▶ **SOURCE INFORMATION**

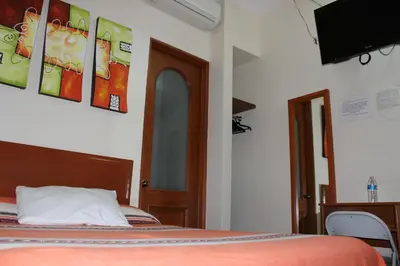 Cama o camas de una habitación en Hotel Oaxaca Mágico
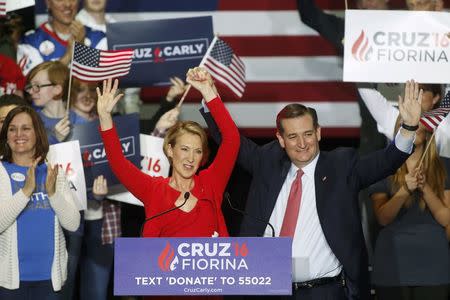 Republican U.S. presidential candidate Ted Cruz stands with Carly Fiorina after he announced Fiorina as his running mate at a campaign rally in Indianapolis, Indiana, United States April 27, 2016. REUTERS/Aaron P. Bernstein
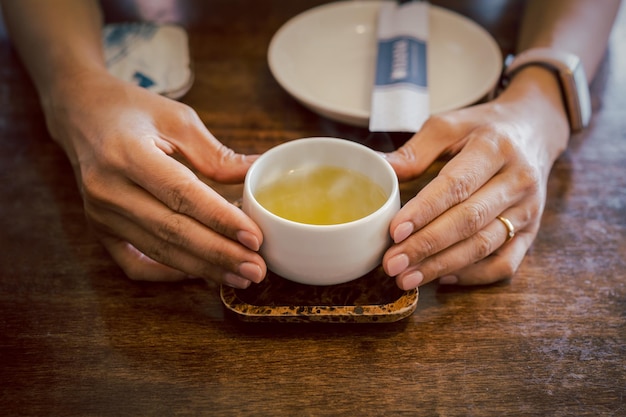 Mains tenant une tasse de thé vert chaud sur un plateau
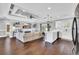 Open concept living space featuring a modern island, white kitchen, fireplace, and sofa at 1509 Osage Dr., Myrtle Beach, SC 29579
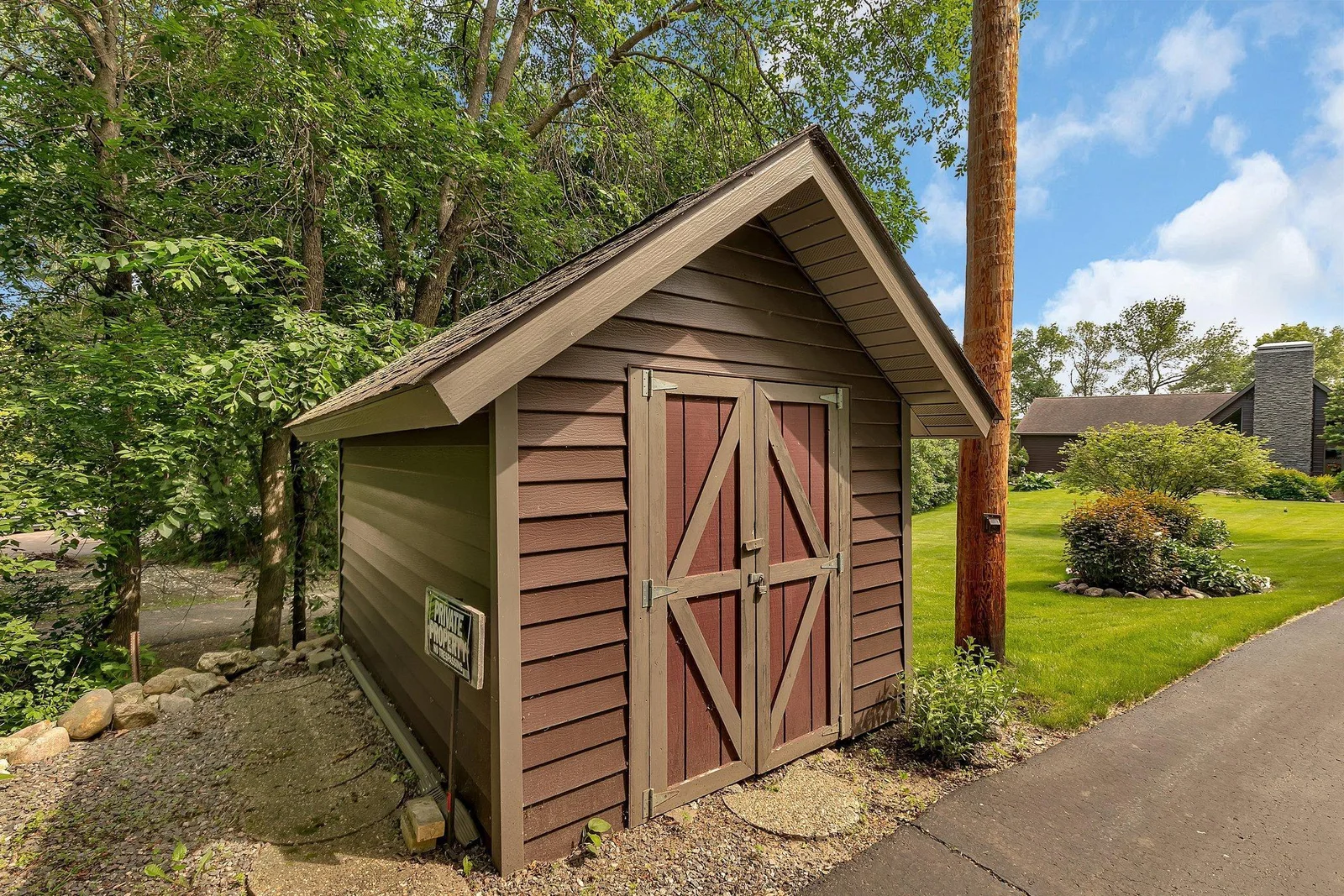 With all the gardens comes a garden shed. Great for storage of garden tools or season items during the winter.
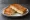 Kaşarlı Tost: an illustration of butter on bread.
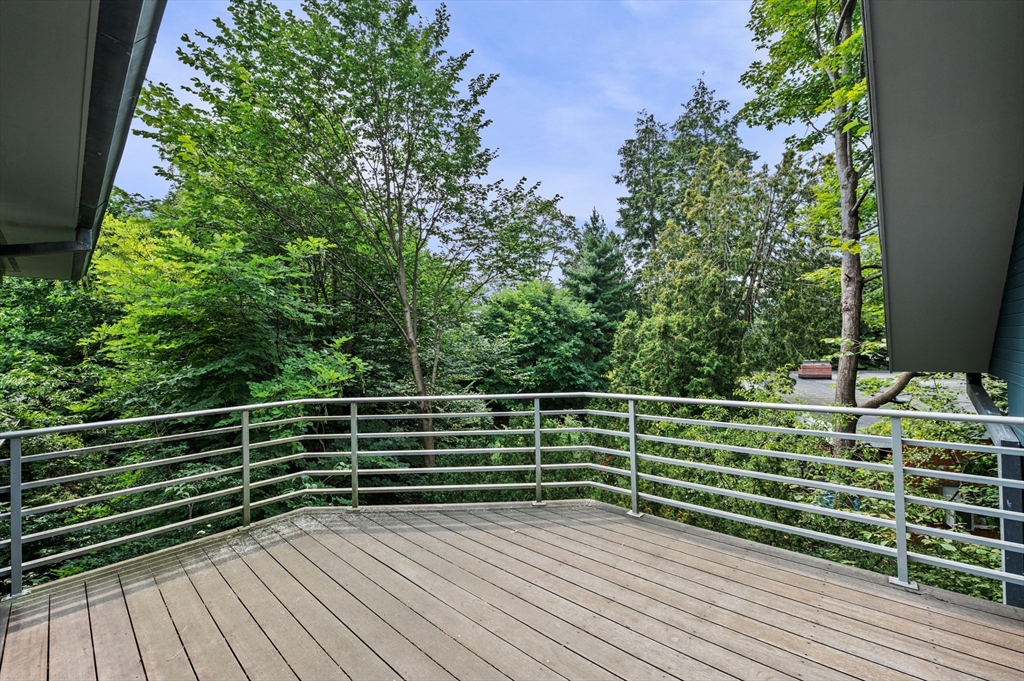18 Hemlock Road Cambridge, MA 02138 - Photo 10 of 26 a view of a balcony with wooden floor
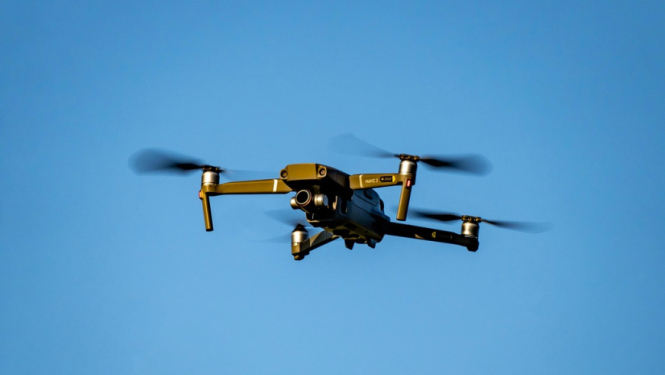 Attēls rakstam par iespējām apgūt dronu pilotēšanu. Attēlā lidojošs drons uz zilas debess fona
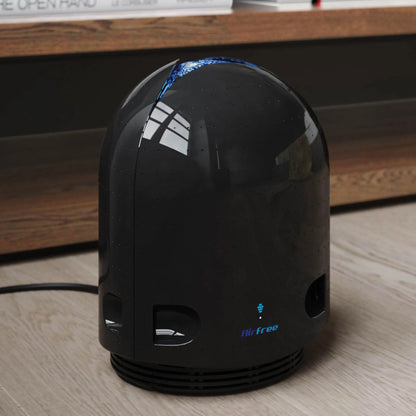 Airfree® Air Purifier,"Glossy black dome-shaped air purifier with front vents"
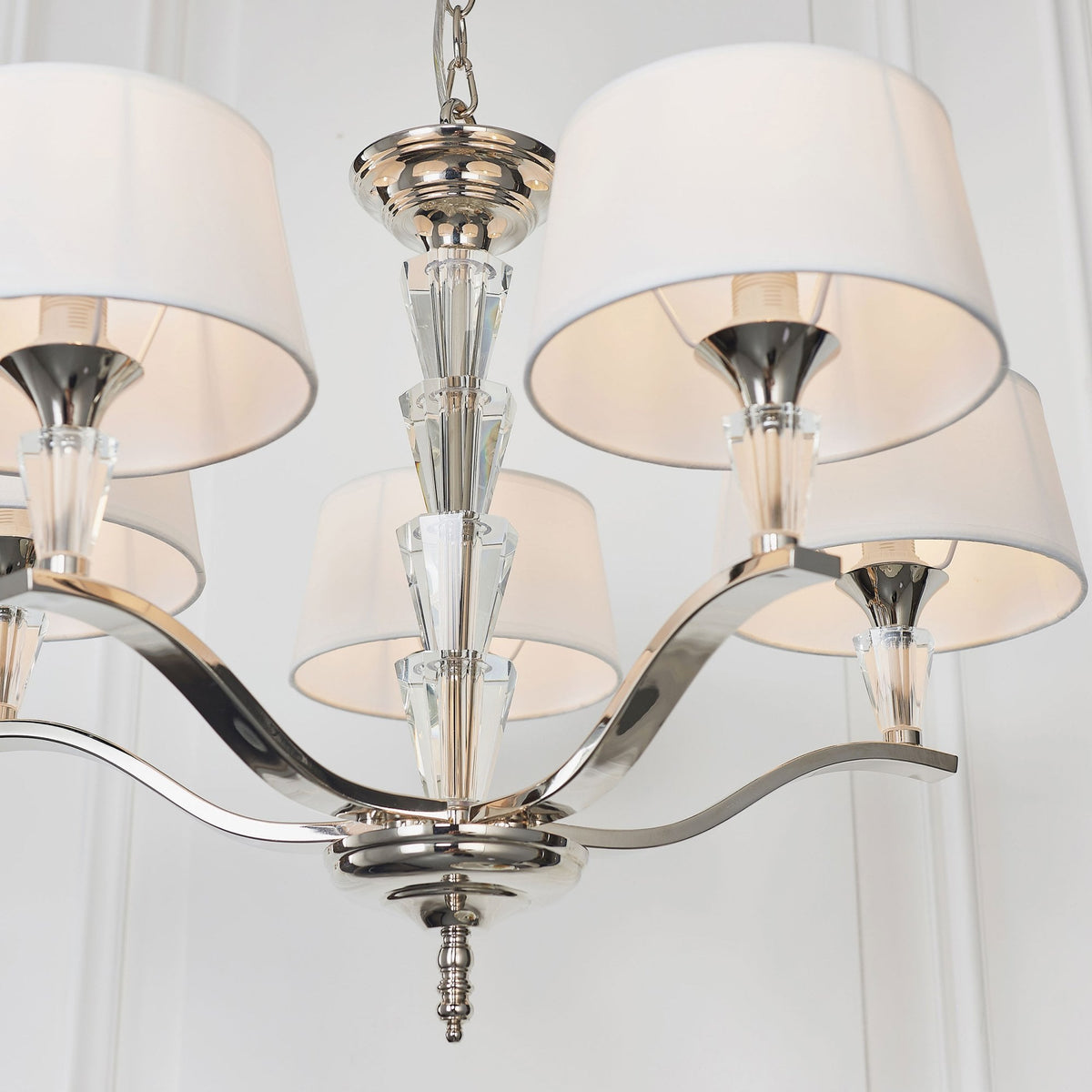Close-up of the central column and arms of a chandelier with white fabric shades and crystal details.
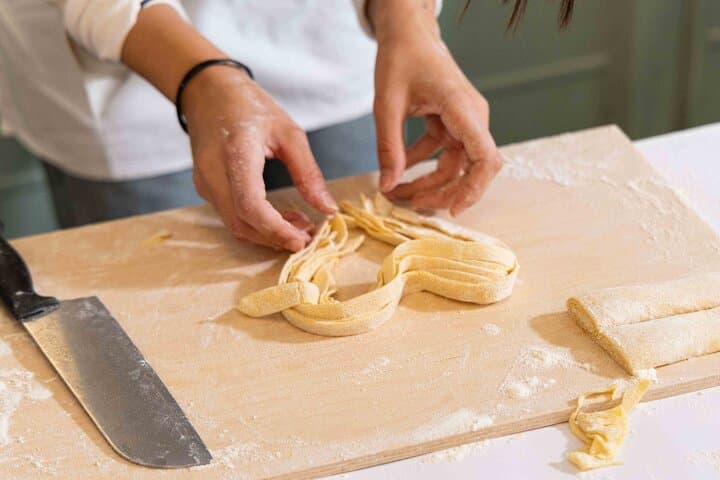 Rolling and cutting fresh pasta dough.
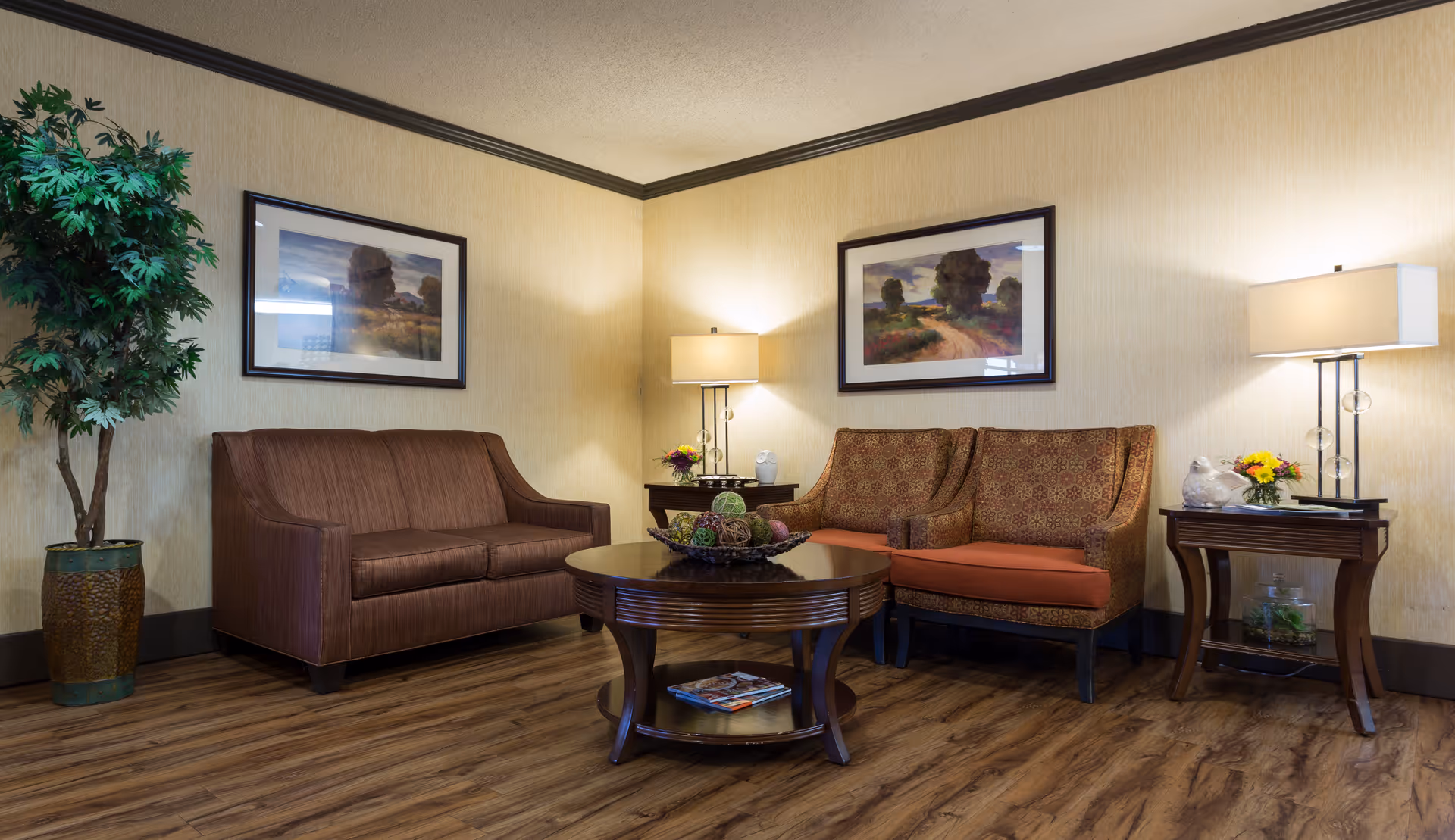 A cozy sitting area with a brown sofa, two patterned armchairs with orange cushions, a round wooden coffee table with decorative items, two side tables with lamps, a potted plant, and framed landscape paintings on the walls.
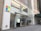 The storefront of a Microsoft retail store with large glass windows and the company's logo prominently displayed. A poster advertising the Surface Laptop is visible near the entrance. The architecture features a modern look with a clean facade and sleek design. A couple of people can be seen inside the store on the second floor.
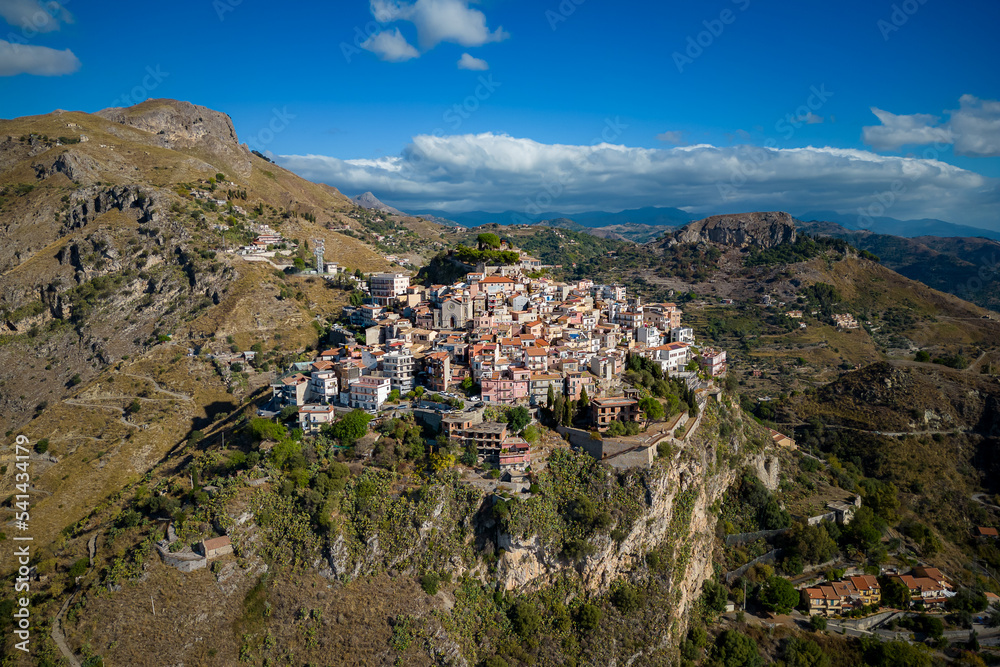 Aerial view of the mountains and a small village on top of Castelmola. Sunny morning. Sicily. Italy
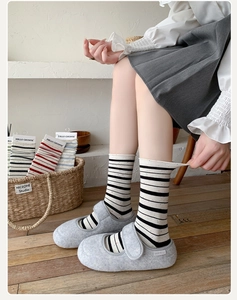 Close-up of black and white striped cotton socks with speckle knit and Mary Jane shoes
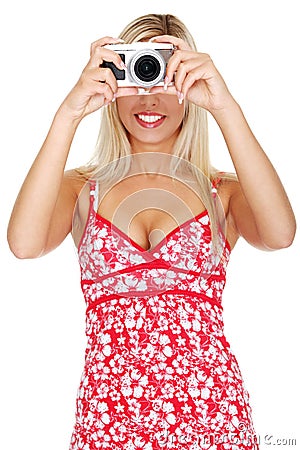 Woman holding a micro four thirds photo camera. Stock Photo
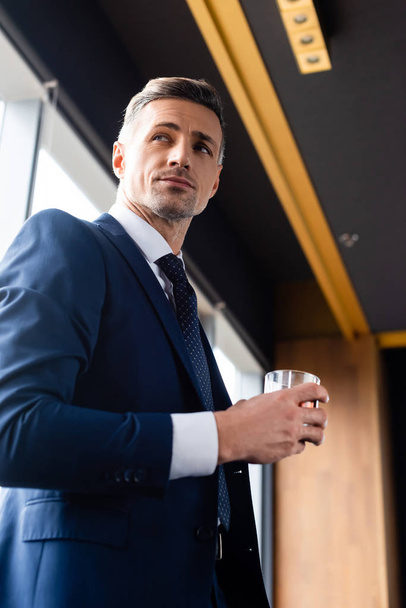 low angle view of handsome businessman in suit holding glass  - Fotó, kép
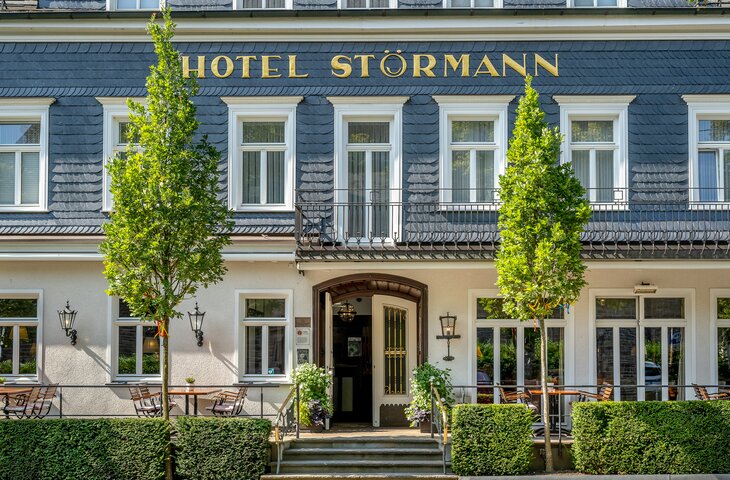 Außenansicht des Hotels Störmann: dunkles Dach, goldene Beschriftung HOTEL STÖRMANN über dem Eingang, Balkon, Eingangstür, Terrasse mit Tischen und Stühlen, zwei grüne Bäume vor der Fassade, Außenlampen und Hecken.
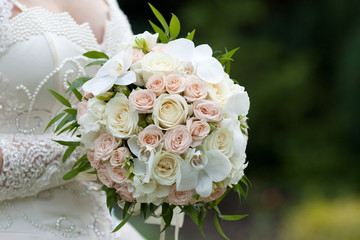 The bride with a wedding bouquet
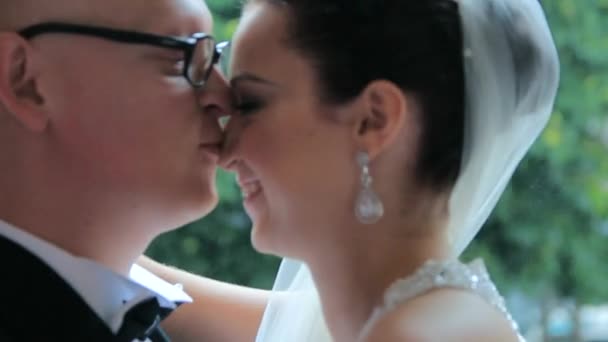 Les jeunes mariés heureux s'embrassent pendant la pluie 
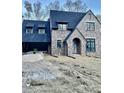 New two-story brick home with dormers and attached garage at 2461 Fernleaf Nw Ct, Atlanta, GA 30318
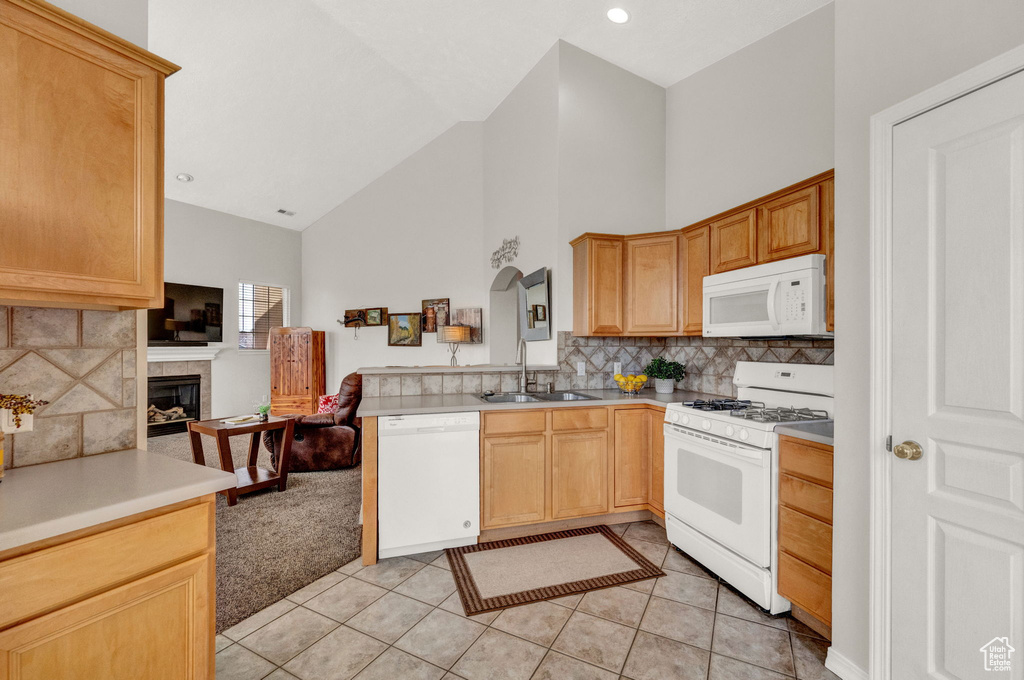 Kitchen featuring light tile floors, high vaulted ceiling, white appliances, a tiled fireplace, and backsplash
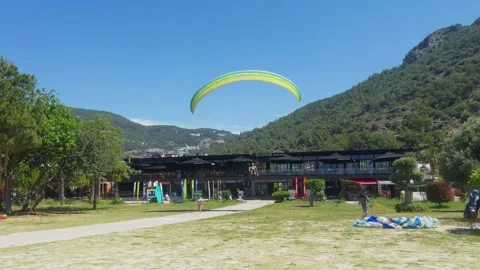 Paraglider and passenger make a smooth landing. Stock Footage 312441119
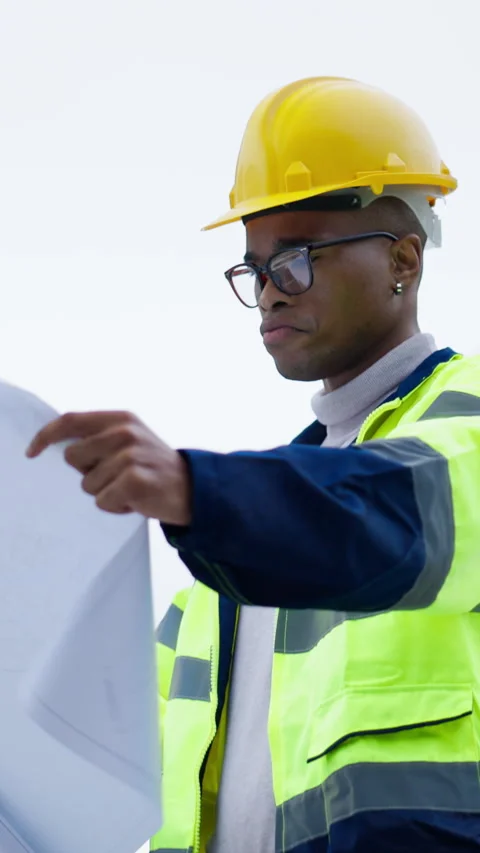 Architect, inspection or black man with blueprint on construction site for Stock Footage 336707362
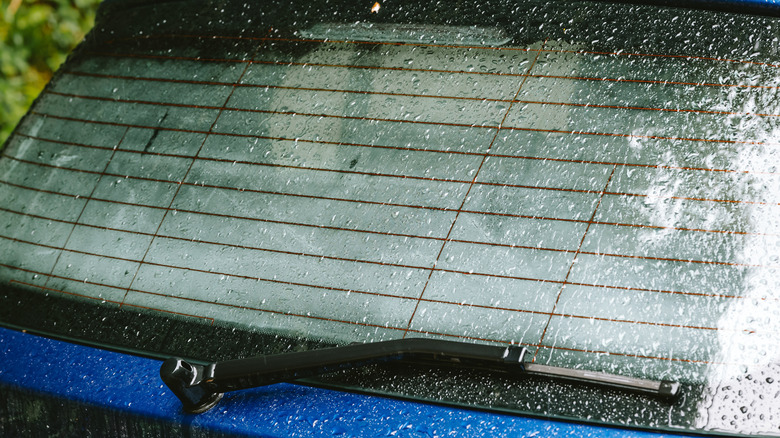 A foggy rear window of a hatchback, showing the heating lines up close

▶ **WORK TO COMPLETE**
Copy out exactly the lines above beginning with the line that contains "black dome-shaped air" and finishing with the line that contains "low angle view", including both; leave the pictures out.

▶ **EXERCISE ANSWER**
 Airfree® Air Purifier,"Glossy black dome-shaped air purifier with front vents"
Close-up of the central column and arms of a chandelier with white fabric shades and crystal details.
 Rolling and cutting fresh pasta dough.
 A cozy sitting area with a brown sofa, two patterned armchairs with orange cushions, a round wooden coffee table with decorative items, two side tables with lamps, a potted plant, and framed landscape paintings on the walls.
 The storefront of a Microsoft retail store with large glass windows and the company's logo prominently displayed. A poster advertising the Surface Laptop is visible near the entrance. The architecture features a modern look with a clean facade and sleek design. A couple of people can be seen inside the store on the second floor.
 Aerial view of the mountains and a small village on top of Castelmola. Sunny morning. Sicily. Italy
 Close-up of black and white striped cotton socks with speckle knit and Mary Jane shoes
 Woman holding a micro four thirds photo camera. Stock Photo
 low angle view of handsome businessman in suit holding glass  - Fotó, kép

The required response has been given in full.